Солнце поднималось все выше и выше, тянулись часы ожидания, а из ворот никто не выходил. Это было самое ужасное, что он пережил в своей жизни. Все две недели в Бербере его поддерживала надежда на спасение, и когда фонарь осветил его среди развалин, нужно было реагировать так быстро, что не осталось времени для страха и размышлений. Здесь же наоборот — времени было даже слишком много.

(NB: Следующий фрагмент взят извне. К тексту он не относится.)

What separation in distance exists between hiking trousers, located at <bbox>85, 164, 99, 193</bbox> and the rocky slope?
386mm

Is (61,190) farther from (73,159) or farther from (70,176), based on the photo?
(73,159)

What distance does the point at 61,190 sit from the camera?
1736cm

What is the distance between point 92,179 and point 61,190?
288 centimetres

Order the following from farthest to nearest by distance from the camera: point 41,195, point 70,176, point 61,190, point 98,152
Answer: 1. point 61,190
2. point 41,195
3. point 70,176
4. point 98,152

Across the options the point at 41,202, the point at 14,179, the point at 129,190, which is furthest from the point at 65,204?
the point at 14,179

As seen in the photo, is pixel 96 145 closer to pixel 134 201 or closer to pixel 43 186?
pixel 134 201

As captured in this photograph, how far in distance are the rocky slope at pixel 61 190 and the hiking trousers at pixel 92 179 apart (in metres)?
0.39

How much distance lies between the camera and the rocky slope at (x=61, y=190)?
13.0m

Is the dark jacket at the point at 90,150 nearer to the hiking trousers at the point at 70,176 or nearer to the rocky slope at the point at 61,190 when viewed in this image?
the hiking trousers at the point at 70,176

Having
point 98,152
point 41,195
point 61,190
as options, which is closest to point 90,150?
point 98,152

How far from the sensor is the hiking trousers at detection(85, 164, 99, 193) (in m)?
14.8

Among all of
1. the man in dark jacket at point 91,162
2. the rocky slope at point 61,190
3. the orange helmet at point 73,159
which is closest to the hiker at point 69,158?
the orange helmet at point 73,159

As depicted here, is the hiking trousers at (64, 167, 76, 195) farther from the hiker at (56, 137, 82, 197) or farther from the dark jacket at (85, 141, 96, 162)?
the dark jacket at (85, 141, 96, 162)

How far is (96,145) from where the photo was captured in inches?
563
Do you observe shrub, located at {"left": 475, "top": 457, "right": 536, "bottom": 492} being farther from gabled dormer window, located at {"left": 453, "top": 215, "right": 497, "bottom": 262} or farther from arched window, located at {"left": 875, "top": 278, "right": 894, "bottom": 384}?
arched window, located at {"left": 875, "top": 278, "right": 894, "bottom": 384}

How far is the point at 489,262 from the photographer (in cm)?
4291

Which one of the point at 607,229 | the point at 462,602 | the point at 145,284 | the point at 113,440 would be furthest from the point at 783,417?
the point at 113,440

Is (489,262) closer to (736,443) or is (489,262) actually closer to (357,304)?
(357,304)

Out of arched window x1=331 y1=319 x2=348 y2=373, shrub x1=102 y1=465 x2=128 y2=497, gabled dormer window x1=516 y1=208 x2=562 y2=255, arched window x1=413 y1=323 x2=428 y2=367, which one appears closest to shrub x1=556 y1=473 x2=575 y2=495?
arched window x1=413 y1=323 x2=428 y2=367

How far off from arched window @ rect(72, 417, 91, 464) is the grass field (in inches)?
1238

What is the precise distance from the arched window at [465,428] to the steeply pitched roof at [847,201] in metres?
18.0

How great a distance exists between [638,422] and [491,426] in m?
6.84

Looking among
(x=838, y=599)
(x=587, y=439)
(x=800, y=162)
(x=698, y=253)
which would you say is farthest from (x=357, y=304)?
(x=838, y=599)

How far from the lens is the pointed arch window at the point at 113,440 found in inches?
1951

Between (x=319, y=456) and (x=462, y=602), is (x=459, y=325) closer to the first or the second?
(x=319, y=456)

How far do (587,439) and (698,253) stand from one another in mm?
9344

У него было время предвосхищать и предвидеть. Пока не потерял сознание, Фивершем чувствовал, как защемило сердце, как в те далекие дни, когда слышал поскуливание гончих в укрытии, а он сам в предвкушении дрожал на лошади. Он украдкой поглядел на виселицу и представил, будто стервятники сидят на его плечах, взмахивая крыльями возле глаз. Но он вырос за годы испытаний. Его главным образом беспокоил не страх перед физическими страданиями и даже не страх, что придётся подняться на высокую виселицу. Больше всего он боялся, что, если умрет сейчас, здесь, в Донголе, то Этни никогда не получит обратно четвертое перо, и его несокрушимая надежда на «потом» никогда не исполнится. Фивершем радовался кандалам на шее и ногах. Он собрался с духом и стаял в полном одиночестве, ему не с кем было разделить страдания. Он смеялся, терпел и морщился, глядя на своих мучителей.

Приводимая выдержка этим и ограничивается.